A ile ja się w niej nagrałem? Cztery mecze? Gdyby tych spotkań było więcej, mógłbym powiedzieć, że jestem doświadczony. Chociaż rzeczywiście te rozgrywki to za każdym razem wielkie święto, hymn Ligi Mistrzów brzmi prawie tak pięknie, jak hymn Polski. Powtarzam - prawie.
Mówi się o problemach na środku obrony, tymczasem od ponad roku kontuzjowany jest Sebastian Boenisch i po lewej stronie wydaje się robić jeszcze większa wyrwa.
Znowu widzę to inaczej. Czy Boensich, czy Jakub Wawrzyniak, czy mój kolega z Trabzonsporu Piotr Brożek, który gdy tylko nie ma kontuzji zawsze ma miejsce w pierwszym składzie - wszyscy gwarantują wysoki poziom. Naprawdę da się to wszystko poukładać.
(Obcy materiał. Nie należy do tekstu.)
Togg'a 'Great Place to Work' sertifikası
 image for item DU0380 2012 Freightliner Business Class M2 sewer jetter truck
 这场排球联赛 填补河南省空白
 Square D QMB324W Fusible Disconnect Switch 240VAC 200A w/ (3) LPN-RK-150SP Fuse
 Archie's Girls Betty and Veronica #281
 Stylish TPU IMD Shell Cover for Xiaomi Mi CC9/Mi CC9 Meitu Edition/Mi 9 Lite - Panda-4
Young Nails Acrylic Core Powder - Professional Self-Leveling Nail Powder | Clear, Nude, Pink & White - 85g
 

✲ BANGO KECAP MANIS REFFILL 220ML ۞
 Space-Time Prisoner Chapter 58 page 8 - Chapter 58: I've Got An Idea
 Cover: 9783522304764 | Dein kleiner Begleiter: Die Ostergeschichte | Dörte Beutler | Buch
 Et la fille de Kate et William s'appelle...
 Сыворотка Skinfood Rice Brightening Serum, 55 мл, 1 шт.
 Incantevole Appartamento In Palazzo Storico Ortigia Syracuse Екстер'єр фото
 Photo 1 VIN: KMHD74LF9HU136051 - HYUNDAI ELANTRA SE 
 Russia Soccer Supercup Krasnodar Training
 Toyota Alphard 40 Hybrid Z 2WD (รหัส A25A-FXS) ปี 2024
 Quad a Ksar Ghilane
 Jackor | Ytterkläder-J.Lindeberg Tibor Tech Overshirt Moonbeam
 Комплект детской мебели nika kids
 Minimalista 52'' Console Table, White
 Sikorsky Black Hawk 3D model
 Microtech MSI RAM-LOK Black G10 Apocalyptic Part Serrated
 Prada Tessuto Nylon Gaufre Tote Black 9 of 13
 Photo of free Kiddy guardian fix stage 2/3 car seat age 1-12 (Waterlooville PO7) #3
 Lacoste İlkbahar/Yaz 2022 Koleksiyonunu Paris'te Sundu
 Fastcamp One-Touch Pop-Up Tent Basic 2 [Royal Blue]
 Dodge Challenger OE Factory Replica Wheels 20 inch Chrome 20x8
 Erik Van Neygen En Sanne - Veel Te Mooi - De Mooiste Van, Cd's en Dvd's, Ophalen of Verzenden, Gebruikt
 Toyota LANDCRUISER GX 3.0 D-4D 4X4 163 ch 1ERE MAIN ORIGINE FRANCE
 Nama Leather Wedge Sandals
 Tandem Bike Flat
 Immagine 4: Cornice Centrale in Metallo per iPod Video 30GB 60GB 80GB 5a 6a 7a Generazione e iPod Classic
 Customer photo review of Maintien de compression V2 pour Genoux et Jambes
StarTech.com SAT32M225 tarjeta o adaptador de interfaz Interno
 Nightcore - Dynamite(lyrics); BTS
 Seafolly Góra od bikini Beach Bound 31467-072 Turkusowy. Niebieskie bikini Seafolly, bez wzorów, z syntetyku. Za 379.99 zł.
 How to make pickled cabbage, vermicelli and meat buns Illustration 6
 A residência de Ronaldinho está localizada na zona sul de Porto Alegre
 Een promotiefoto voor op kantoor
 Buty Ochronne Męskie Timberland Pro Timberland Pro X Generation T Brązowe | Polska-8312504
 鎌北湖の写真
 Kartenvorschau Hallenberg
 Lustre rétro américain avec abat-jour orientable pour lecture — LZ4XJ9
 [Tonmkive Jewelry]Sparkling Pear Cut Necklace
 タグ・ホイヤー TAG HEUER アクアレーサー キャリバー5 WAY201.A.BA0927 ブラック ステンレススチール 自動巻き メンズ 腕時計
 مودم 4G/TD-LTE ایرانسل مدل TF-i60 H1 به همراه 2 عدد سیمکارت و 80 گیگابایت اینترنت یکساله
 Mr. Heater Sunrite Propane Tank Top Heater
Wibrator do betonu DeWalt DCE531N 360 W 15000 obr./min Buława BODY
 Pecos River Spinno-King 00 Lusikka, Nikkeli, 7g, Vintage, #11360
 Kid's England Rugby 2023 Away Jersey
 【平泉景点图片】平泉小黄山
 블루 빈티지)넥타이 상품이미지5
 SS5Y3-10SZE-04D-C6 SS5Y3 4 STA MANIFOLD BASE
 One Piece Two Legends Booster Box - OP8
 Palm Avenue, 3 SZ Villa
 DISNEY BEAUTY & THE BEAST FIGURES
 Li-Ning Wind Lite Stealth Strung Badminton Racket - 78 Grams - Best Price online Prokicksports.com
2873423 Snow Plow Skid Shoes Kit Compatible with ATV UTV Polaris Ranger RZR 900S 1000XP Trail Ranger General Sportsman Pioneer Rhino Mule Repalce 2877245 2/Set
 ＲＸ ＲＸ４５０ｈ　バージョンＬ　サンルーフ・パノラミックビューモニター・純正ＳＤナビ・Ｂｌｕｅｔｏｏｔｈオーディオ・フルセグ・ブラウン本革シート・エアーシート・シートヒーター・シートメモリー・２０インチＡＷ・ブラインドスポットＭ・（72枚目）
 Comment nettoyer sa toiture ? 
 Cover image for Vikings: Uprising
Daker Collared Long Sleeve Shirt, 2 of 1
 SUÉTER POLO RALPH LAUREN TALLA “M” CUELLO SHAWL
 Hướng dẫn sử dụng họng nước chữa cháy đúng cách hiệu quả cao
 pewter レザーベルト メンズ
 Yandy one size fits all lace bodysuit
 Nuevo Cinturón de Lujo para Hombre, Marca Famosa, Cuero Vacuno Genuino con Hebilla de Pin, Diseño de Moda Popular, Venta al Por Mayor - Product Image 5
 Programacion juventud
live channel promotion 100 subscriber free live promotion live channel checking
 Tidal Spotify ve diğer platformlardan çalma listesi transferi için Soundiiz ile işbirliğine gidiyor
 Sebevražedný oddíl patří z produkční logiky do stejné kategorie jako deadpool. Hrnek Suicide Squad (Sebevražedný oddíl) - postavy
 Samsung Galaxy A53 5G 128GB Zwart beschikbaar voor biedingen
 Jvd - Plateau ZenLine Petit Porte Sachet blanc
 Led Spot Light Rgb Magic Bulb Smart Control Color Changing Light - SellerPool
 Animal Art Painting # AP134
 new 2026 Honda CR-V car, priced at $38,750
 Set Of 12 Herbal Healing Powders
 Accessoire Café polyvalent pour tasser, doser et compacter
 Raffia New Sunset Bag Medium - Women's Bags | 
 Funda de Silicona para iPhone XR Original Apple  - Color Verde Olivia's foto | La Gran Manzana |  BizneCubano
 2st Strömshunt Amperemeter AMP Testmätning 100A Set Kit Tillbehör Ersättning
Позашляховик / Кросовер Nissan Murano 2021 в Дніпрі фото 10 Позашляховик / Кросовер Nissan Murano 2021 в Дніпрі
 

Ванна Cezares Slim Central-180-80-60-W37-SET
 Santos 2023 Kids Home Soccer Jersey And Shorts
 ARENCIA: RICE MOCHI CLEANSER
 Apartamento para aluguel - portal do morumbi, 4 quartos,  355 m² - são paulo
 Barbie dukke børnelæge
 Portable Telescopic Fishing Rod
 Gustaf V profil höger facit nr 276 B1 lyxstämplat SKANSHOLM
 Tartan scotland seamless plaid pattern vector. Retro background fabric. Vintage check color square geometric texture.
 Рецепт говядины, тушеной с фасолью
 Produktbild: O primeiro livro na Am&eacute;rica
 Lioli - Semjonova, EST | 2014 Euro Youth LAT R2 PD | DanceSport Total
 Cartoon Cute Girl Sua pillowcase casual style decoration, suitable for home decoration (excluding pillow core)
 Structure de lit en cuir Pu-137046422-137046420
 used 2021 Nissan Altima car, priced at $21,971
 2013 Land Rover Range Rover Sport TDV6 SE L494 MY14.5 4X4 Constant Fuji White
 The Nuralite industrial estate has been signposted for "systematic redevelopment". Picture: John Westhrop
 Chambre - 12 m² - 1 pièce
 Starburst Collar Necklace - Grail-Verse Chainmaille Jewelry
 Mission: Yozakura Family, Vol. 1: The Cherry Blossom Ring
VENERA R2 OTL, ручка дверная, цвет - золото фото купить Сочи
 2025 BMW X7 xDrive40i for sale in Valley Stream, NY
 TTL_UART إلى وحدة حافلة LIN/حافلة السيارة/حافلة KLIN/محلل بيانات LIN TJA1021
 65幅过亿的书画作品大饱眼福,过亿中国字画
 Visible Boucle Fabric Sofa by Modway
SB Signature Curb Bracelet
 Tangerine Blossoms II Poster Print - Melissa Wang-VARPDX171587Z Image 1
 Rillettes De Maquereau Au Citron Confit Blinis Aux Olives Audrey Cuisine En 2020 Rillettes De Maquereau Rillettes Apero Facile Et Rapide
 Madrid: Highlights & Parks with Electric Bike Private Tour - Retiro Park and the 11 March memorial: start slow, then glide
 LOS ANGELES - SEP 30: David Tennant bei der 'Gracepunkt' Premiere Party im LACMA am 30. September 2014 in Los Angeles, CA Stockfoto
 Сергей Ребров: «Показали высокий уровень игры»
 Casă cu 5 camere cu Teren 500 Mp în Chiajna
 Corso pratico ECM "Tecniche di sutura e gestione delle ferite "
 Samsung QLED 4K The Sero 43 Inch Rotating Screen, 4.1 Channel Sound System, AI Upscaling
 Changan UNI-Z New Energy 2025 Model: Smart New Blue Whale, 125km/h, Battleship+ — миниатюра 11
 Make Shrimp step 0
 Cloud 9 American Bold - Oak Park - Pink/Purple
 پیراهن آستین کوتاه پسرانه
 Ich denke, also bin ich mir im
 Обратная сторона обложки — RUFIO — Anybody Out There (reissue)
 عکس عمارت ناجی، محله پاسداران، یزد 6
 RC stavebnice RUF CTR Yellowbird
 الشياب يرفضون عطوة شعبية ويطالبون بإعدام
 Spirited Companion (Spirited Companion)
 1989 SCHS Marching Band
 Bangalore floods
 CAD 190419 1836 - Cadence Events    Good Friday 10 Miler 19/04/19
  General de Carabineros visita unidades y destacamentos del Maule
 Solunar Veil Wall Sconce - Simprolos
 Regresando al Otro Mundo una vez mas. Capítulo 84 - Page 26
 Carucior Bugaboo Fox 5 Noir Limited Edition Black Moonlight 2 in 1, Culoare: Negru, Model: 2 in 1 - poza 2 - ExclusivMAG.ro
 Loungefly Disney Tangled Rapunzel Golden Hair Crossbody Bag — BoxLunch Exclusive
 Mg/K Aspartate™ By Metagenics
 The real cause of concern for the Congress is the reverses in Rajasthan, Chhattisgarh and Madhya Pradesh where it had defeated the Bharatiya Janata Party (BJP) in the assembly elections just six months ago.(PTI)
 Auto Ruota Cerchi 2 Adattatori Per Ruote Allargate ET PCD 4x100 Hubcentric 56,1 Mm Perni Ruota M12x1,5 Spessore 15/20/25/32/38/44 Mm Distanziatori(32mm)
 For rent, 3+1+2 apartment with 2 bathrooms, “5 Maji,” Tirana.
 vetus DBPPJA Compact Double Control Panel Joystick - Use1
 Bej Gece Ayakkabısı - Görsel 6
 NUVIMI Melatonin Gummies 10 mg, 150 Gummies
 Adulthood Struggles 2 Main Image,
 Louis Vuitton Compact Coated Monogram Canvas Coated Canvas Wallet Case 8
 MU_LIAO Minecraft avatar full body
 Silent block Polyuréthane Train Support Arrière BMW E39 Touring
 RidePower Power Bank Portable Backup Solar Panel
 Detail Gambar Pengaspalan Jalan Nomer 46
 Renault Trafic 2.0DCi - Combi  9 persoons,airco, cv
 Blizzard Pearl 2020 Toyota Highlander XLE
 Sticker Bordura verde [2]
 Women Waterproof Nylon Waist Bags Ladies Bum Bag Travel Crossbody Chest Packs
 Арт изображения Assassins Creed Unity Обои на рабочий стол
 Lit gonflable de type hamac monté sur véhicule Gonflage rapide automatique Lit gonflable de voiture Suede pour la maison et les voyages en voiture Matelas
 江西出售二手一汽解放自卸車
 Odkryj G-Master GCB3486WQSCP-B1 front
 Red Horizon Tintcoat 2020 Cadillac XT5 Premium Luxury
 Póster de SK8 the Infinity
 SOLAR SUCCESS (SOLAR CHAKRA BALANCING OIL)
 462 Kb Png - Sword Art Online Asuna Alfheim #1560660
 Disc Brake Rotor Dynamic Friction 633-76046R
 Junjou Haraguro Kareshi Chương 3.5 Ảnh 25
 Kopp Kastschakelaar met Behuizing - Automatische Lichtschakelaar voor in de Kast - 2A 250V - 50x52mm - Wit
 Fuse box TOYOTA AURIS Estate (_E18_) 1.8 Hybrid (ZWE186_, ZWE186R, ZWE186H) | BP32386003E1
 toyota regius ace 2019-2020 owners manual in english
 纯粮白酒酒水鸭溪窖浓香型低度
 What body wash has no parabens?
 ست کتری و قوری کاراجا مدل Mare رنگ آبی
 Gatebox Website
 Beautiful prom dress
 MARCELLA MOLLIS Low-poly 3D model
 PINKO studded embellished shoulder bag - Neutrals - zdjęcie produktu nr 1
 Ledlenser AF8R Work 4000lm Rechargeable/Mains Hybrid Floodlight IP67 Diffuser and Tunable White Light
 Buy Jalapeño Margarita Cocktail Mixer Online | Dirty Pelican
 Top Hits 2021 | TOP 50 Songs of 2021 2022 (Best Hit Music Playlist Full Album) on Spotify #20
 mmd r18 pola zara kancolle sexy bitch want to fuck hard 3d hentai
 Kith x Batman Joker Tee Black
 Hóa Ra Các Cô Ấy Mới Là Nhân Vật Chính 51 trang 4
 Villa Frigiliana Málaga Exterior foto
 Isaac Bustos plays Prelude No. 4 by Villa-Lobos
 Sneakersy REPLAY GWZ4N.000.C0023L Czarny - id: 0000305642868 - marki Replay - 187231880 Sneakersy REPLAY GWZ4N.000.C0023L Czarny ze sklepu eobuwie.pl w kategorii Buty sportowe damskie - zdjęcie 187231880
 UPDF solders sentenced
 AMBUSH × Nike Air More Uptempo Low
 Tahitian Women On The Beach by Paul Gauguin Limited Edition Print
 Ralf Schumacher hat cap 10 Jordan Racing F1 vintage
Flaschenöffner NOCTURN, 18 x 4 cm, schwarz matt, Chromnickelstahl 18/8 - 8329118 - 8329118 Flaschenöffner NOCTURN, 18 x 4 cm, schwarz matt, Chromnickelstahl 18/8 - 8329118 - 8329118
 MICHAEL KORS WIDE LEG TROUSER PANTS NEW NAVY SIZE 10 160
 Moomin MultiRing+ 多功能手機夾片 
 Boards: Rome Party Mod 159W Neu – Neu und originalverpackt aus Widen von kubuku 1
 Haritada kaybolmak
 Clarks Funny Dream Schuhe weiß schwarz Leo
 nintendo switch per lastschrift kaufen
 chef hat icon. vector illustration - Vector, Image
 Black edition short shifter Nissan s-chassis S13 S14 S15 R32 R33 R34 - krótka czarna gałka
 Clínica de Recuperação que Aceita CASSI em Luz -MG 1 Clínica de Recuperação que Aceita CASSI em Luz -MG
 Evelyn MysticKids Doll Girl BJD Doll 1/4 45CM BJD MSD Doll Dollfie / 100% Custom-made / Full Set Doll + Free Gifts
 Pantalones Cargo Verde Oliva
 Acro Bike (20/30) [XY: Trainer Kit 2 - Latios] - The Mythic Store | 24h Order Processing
Wojciech Szczęsny za plecami daje stoperom większy spokój?
Wojtek to postać na tyle bardzo pewna siebie, że udziela się to nie tylko obrońcom, ale całej drużynie. Grałem z jego tatą w Wiśle, teraz gram z nim... Łączę pokolenia, to bardzo miłe uczucie.
Nie uważa pan, że Smuda ma komfort? Trzech z Borussii Dortmund, trzech z Trabzonsporu, dwóch z Arsenalu - wystarczy tylko nie zepsuć.
Na pewno przywozimy z klubów jakieś przyzwyczajenia, ale myślę, że Smuda i tak próbuje wprowadzić to, co robił ze wszystkimi swoimi drużynami. Gra wysokim pressingiem, szybki odbiór piłki. Cały czas się na tym skupiamy.
Z Włochami pierwszy raz zagracie w nowych koszulkach. Nie będzie panu brakowało orzełka na piersi?
Będzie brakowało, ale widocznie taki jest znak czasu, że na koszulkach pojawi się teraz logo reprezentacji. Orzełka będziemy mieć wszyscy w sercu.